━━━━━ TASK DATA ━━━━━
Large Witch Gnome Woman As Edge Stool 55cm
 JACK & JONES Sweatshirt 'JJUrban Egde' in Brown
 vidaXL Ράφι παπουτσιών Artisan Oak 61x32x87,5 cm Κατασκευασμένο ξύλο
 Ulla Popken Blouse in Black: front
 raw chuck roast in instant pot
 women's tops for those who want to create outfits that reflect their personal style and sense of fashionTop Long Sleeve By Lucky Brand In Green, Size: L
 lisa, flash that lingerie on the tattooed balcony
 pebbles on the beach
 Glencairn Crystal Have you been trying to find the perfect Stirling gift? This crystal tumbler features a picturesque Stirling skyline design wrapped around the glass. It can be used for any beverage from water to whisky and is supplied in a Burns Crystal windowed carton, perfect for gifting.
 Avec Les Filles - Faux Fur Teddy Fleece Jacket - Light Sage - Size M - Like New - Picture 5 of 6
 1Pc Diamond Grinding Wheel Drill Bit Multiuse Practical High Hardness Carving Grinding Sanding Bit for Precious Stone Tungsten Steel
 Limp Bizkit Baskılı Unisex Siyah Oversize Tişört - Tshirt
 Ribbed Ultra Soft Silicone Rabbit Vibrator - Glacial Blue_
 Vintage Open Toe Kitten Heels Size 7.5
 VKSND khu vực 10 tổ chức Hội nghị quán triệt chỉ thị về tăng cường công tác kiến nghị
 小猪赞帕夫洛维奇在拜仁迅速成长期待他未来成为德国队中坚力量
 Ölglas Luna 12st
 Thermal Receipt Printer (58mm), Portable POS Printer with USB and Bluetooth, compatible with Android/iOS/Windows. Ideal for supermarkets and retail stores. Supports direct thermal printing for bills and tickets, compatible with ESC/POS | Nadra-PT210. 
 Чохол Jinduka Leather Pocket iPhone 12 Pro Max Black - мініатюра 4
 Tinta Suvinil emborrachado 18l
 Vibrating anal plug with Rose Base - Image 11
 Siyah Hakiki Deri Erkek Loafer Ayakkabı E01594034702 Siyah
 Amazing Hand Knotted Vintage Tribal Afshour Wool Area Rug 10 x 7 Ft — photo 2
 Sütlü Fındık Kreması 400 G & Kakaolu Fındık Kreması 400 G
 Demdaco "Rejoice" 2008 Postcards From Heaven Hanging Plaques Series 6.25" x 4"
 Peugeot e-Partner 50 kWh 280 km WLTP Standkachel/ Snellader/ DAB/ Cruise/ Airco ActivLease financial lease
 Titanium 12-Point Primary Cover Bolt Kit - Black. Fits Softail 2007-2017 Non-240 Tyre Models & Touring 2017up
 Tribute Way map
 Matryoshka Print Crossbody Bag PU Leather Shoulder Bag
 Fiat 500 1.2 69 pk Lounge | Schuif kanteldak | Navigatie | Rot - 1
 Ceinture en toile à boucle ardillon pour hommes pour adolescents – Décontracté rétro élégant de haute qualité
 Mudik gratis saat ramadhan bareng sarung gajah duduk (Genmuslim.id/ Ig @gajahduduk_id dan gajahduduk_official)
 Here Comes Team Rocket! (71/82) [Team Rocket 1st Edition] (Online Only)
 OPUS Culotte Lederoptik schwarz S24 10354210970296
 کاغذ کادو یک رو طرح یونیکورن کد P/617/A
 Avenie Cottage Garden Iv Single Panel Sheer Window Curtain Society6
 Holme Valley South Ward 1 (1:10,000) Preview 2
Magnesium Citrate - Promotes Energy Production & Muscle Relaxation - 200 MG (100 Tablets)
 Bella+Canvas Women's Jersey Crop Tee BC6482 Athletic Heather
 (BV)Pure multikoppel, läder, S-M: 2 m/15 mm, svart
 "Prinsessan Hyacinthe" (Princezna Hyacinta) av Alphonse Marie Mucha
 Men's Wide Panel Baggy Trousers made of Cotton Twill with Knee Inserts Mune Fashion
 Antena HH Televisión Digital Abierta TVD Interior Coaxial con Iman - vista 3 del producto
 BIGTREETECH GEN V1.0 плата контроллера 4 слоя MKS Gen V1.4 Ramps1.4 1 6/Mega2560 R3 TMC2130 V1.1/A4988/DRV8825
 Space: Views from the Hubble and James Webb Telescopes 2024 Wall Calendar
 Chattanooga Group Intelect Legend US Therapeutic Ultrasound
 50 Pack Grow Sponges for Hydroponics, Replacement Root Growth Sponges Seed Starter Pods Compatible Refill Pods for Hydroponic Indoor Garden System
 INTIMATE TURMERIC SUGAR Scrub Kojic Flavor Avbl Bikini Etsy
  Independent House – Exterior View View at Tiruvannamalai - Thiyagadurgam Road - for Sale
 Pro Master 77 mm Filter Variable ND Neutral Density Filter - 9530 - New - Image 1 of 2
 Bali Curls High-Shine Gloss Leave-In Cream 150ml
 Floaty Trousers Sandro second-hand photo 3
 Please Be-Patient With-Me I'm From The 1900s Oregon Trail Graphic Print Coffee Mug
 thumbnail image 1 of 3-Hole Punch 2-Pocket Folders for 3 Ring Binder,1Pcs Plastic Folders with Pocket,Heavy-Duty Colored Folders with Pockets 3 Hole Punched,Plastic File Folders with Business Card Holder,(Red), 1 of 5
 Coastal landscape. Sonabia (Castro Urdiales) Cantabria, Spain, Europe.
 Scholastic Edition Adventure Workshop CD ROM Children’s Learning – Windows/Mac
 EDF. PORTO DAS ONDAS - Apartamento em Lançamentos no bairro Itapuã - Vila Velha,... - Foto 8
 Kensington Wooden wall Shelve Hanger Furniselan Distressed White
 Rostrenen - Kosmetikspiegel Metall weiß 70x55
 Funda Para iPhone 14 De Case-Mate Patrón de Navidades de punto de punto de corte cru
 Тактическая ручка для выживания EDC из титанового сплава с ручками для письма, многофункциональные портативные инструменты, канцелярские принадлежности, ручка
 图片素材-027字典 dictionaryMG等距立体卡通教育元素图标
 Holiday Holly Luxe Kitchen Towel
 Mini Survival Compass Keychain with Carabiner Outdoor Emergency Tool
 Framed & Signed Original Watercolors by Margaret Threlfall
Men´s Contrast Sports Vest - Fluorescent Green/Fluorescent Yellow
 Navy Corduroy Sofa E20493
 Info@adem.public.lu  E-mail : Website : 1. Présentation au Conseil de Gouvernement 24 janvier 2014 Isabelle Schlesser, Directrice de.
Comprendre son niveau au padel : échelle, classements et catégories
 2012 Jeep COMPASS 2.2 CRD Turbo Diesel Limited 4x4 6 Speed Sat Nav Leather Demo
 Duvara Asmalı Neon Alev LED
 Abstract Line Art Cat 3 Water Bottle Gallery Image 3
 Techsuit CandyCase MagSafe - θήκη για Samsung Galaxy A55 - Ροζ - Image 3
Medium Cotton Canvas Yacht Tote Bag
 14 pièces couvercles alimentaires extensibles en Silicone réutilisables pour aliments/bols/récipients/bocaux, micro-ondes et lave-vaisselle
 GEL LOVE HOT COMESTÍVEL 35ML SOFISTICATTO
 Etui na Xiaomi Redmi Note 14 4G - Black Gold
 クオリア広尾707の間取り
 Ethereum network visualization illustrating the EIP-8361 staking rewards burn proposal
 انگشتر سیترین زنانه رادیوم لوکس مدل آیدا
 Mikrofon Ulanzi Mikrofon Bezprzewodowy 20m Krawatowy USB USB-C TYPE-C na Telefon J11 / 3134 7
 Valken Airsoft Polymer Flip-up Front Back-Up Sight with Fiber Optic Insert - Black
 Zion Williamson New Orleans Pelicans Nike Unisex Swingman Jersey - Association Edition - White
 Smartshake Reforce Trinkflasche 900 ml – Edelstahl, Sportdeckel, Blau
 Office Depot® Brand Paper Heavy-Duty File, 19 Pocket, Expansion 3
━━━━━
Repeat the records exactly, leaving out none of them.

Large Witch Gnome Woman As Edge Stool 55cm
 JACK & JONES Sweatshirt 'JJUrban Egde' in Brown
 vidaXL Ράφι παπουτσιών Artisan Oak 61x32x87,5 cm Κατασκευασμένο ξύλο
 Ulla Popken Blouse in Black: front
 raw chuck roast in instant pot
 women's tops for those who want to create outfits that reflect their personal style and sense of fashionTop Long Sleeve By Lucky Brand In Green, Size: L
 lisa, flash that lingerie on the tattooed balcony
 pebbles on the beach
 Glencairn Crystal Have you been trying to find the perfect Stirling gift? This crystal tumbler features a picturesque Stirling skyline design wrapped around the glass. It can be used for any beverage from water to whisky and is supplied in a Burns Crystal windowed carton, perfect for gifting.
 Avec Les Filles - Faux Fur Teddy Fleece Jacket - Light Sage - Size M - Like New - Picture 5 of 6
 1Pc Diamond Grinding Wheel Drill Bit Multiuse Practical High Hardness Carving Grinding Sanding Bit for Precious Stone Tungsten Steel
 Limp Bizkit Baskılı Unisex Siyah Oversize Tişört - Tshirt
 Ribbed Ultra Soft Silicone Rabbit Vibrator - Glacial Blue_
 Vintage Open Toe Kitten Heels Size 7.5
 VKSND khu vực 10 tổ chức Hội nghị quán triệt chỉ thị về tăng cường công tác kiến nghị
 小猪赞帕夫洛维奇在拜仁迅速成长期待他未来成为德国队中坚力量
 Ölglas Luna 12st
 Thermal Receipt Printer (58mm), Portable POS Printer with USB and Bluetooth, compatible with Android/iOS/Windows. Ideal for supermarkets and retail stores. Supports direct thermal printing for bills and tickets, compatible with ESC/POS | Nadra-PT210. 
 Чохол Jinduka Leather Pocket iPhone 12 Pro Max Black - мініатюра 4
 Tinta Suvinil emborrachado 18l
 Vibrating anal plug with Rose Base - Image 11
 Siyah Hakiki Deri Erkek Loafer Ayakkabı E01594034702 Siyah
 Amazing Hand Knotted Vintage Tribal Afshour Wool Area Rug 10 x 7 Ft — photo 2
 Sütlü Fındık Kreması 400 G & Kakaolu Fındık Kreması 400 G
 Demdaco "Rejoice" 2008 Postcards From Heaven Hanging Plaques Series 6.25" x 4"
 Peugeot e-Partner 50 kWh 280 km WLTP Standkachel/ Snellader/ DAB/ Cruise/ Airco ActivLease financial lease
 Titanium 12-Point Primary Cover Bolt Kit - Black. Fits Softail 2007-2017 Non-240 Tyre Models & Touring 2017up
 Tribute Way map
 Matryoshka Print Crossbody Bag PU Leather Shoulder Bag
 Fiat 500 1.2 69 pk Lounge | Schuif kanteldak | Navigatie | Rot - 1
 Ceinture en toile à boucle ardillon pour hommes pour adolescents – Décontracté rétro élégant de haute qualité
 Mudik gratis saat ramadhan bareng sarung gajah duduk (Genmuslim.id/ Ig @gajahduduk_id dan gajahduduk_official)
 Here Comes Team Rocket! (71/82) [Team Rocket 1st Edition] (Online Only)
 OPUS Culotte Lederoptik schwarz S24 10354210970296
 کاغذ کادو یک رو طرح یونیکورن کد P/617/A
 Avenie Cottage Garden Iv Single Panel Sheer Window Curtain Society6
 Holme Valley South Ward 1 (1:10,000) Preview 2
Magnesium Citrate - Promotes Energy Production & Muscle Relaxation - 200 MG (100 Tablets)
 Bella+Canvas Women's Jersey Crop Tee BC6482 Athletic Heather
 (BV)Pure multikoppel, läder, S-M: 2 m/15 mm, svart
 "Prinsessan Hyacinthe" (Princezna Hyacinta) av Alphonse Marie Mucha
 Men's Wide Panel Baggy Trousers made of Cotton Twill with Knee Inserts Mune Fashion
 Antena HH Televisión Digital Abierta TVD Interior Coaxial con Iman - vista 3 del producto
 BIGTREETECH GEN V1.0 плата контроллера 4 слоя MKS Gen V1.4 Ramps1.4 1 6/Mega2560 R3 TMC2130 V1.1/A4988/DRV8825
 Space: Views from the Hubble and James Webb Telescopes 2024 Wall Calendar
 Chattanooga Group Intelect Legend US Therapeutic Ultrasound
 50 Pack Grow Sponges for Hydroponics, Replacement Root Growth Sponges Seed Starter Pods Compatible Refill Pods for Hydroponic Indoor Garden System
 INTIMATE TURMERIC SUGAR Scrub Kojic Flavor Avbl Bikini Etsy
  Independent House – Exterior View View at Tiruvannamalai - Thiyagadurgam Road - for Sale
 Pro Master 77 mm Filter Variable ND Neutral Density Filter - 9530 - New - Image 1 of 2
 Bali Curls High-Shine Gloss Leave-In Cream 150ml
 Floaty Trousers Sandro second-hand photo 3
 Please Be-Patient With-Me I'm From The 1900s Oregon Trail Graphic Print Coffee Mug
 thumbnail image 1 of 3-Hole Punch 2-Pocket Folders for 3 Ring Binder,1Pcs Plastic Folders with Pocket,Heavy-Duty Colored Folders with Pockets 3 Hole Punched,Plastic File Folders with Business Card Holder,(Red), 1 of 5
 Coastal landscape. Sonabia (Castro Urdiales) Cantabria, Spain, Europe.
 Scholastic Edition Adventure Workshop CD ROM Children’s Learning – Windows/Mac
 EDF. PORTO DAS ONDAS - Apartamento em Lançamentos no bairro Itapuã - Vila Velha,... - Foto 8
 Kensington Wooden wall Shelve Hanger Furniselan Distressed White
 Rostrenen - Kosmetikspiegel Metall weiß 70x55
 Funda Para iPhone 14 De Case-Mate Patrón de Navidades de punto de punto de corte cru
 Тактическая ручка для выживания EDC из титанового сплава с ручками для письма, многофункциональные портативные инструменты, канцелярские принадлежности, ручка
 图片素材-027字典 dictionaryMG等距立体卡通教育元素图标
 Holiday Holly Luxe Kitchen Towel
 Mini Survival Compass Keychain with Carabiner Outdoor Emergency Tool
 Framed & Signed Original Watercolors by Margaret Threlfall
Men´s Contrast Sports Vest - Fluorescent Green/Fluorescent Yellow
 Navy Corduroy Sofa E20493
 Info@adem.public.lu  E-mail : Website : 1. Présentation au Conseil de Gouvernement 24 janvier 2014 Isabelle Schlesser, Directrice de.
Comprendre son niveau au padel : échelle, classements et catégories
 2012 Jeep COMPASS 2.2 CRD Turbo Diesel Limited 4x4 6 Speed Sat Nav Leather Demo
 Duvara Asmalı Neon Alev LED
 Abstract Line Art Cat 3 Water Bottle Gallery Image 3
 Techsuit CandyCase MagSafe - θήκη για Samsung Galaxy A55 - Ροζ - Image 3
Medium Cotton Canvas Yacht Tote Bag
 14 pièces couvercles alimentaires extensibles en Silicone réutilisables pour aliments/bols/récipients/bocaux, micro-ondes et lave-vaisselle
 GEL LOVE HOT COMESTÍVEL 35ML SOFISTICATTO
 Etui na Xiaomi Redmi Note 14 4G - Black Gold
 クオリア広尾707の間取り
 Ethereum network visualization illustrating the EIP-8361 staking rewards burn proposal
 انگشتر سیترین زنانه رادیوم لوکس مدل آیدا
 Mikrofon Ulanzi Mikrofon Bezprzewodowy 20m Krawatowy USB USB-C TYPE-C na Telefon J11 / 3134 7
 Valken Airsoft Polymer Flip-up Front Back-Up Sight with Fiber Optic Insert - Black
 Zion Williamson New Orleans Pelicans Nike Unisex Swingman Jersey - Association Edition - White
 Smartshake Reforce Trinkflasche 900 ml – Edelstahl, Sportdeckel, Blau
 Office Depot® Brand Paper Heavy-Duty File, 19 Pocket, Expansion 3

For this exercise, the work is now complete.